Non manca proprio niente, dunque: un evento che unisce sapori, territorio e convivialità. La prima tappa – assicura il presidente dell’associazione Becape – di un lungo viaggio che parte da Ozieri. È da un forte senso di appartenenza che nasce il progetto: “L’idea di Becape – racconta Boe a Sardegna Live – nasce da qualcosa di molto personale: il legame profondo con la mia città, Ozieri. Negli ultimi anni ho vissuto a Sassari per motivi di studio, dove ho avuto l’opportunità di entrare in contatto con diverse realtà legate all’organizzazione di eventi per studenti universitari. È lì che ho iniziato a maturare esperienza, ma soprattutto a capire quanto gli eventi possano creare connessioni, energia e senso di appartenenza”.

“Dopo aver conseguito le mie due lauree in economia aziendale, sono tornato a Ozieri con uno sguardo diverso – riflette –. Ho ritrovato una città a cui sono profondamente legato, ma anche una realtà in cui spesso si tende a cercare altrove ciò che potrebbe essere valorizzato qui. Insieme a mio fratello ho aperto un’attività (Elysium Academy, ndr.), e proprio da lì ho iniziato a muovere i primi passi concreti, organizzando eventi con l’iniziativa ‘Eden’ per riportare movimento, vita e divertimento nel nostro paese. ‘Becape’ nasce così: da un’idea che nel tempo è cresciuta, è stata studiata nei dettagli e ha preso forma grazie anche all’incontro con due persone fantastiche, Walter e Fabiano, che hanno creduto fin da subito nel progetto, scegliendo di affiancarmi e condividere con me questo percorso”.

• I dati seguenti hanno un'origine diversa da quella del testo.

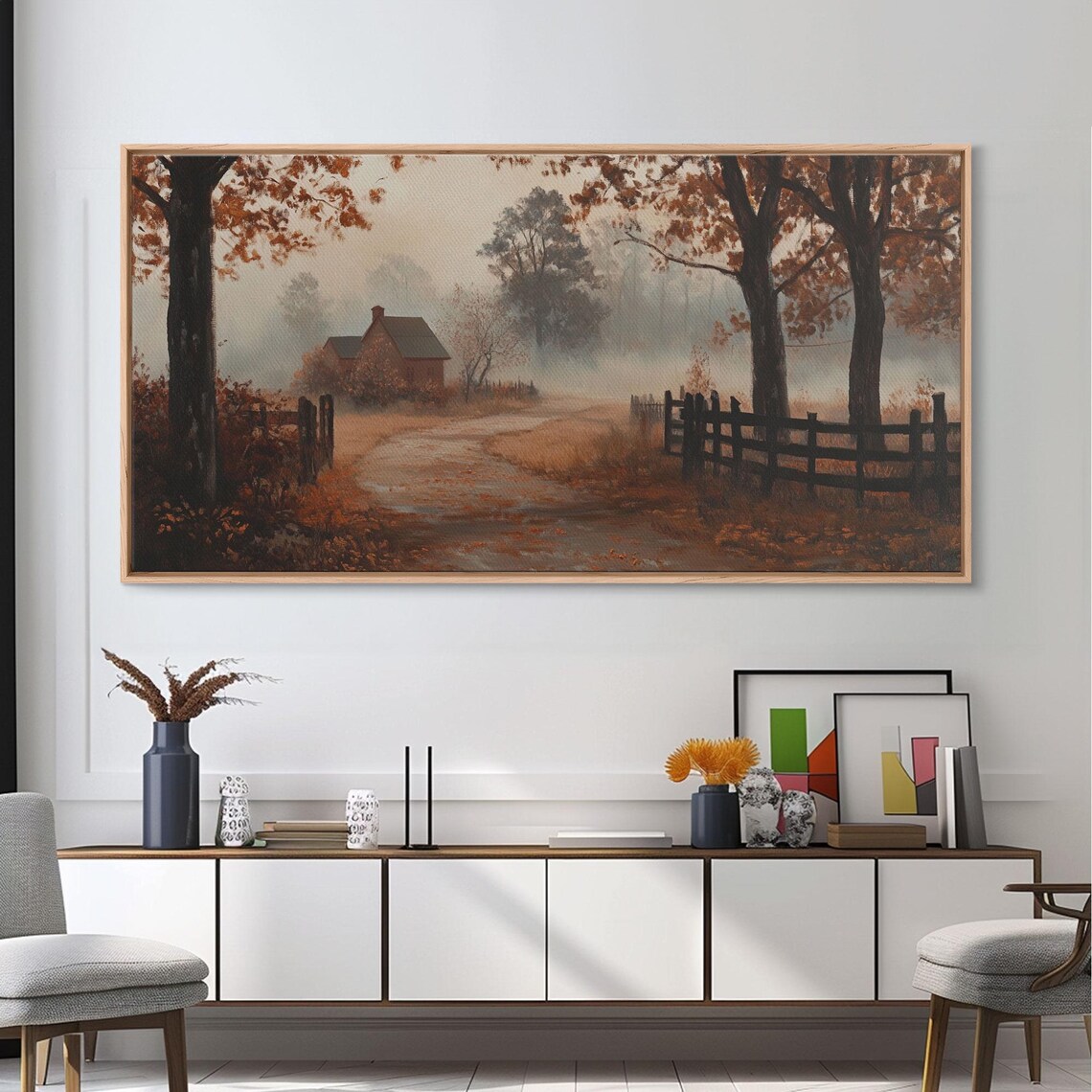 Misty Autumn Farm Road Leading To Red Barn Foggy Morning Art Poster - Image 4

Alla base di tutto lo spirito di gruppo: “In questi anni ho capito una cosa fondamentale: la parola chiave per me è collaborazione. Credo nel ‘noi’ – prosegue –. È un valore che porto avanti ogni giorno, nel lavoro come nei progetti, perché credo profondamente che sia da lì che nascono le cose migliori. È da lì che si può davvero ripartire e costruire qualcosa che lasci il segno”. Una dedica speciale: “Questo progetto lo dedico alla persona a cui sono più legato, e che penso sarà orgoglioso di me: mio nonno”.

Il programma

Come anticipato, sono numerose le iniziative che accompagneranno la due giorni di spettacoli: oltre all’intrattenimento musicale e al vasto repertorio culinario, centrale sarà il progetto “Face Of” che porta la firma del fotografo ozierese Luca Petretto e della collega friulana Alina Brag, che immortaleranno nei loro scatti volti, momenti e protagonisti della festa. Non da meno sarà l’impegno dell’associazione sportiva e culturale “Crossover Eventi”, un gruppo di ragazzi del posto impegnati a portare iniziative di vario tipo, volte a consolidare lo spirito comunitario. Da questi ottimi presupposti parte dunque il progetto Becape: identità, valorizzazione e collaborazione. Ecco il calendario degli eventi:

I giovani al centro

Non è un paese per giovani, direbbe qualcuno. Così l'iniziativa Becape è pronta a smentire gli scettici: dalla collaborazione di tanti giovani volenterosi parte la scommessa di Ozieri, con il supporto dell'amministrazione comunale. “Ringrazio il sindaco Marco Peralta per la collaborazione e tutta la sua squadra. Grazie anche ai barracelli per la disponibilità al servizio e la vigilanza. Grazie inoltre alla Pro loco, agli amici Luca e Alina di Face Of e a tutto il team di Crossover Events", afferma Raimondo Boe.

Una sfida, quella del 29enne ozierese, che parte dalla volontà di valorizzare prodotti, attività e artisti locali, coinvolgendo e intrattenendo: "Protagonisti saranno gli ozieresi - conclude -, dagli artisti ai partecipanti, dai piccoli ai grandi. Da un'idea di comunità voglio lanciare la mia iniziativa, partendo da Ozieri e chissà, in futuro, coinvolgendo tutta l'Isola".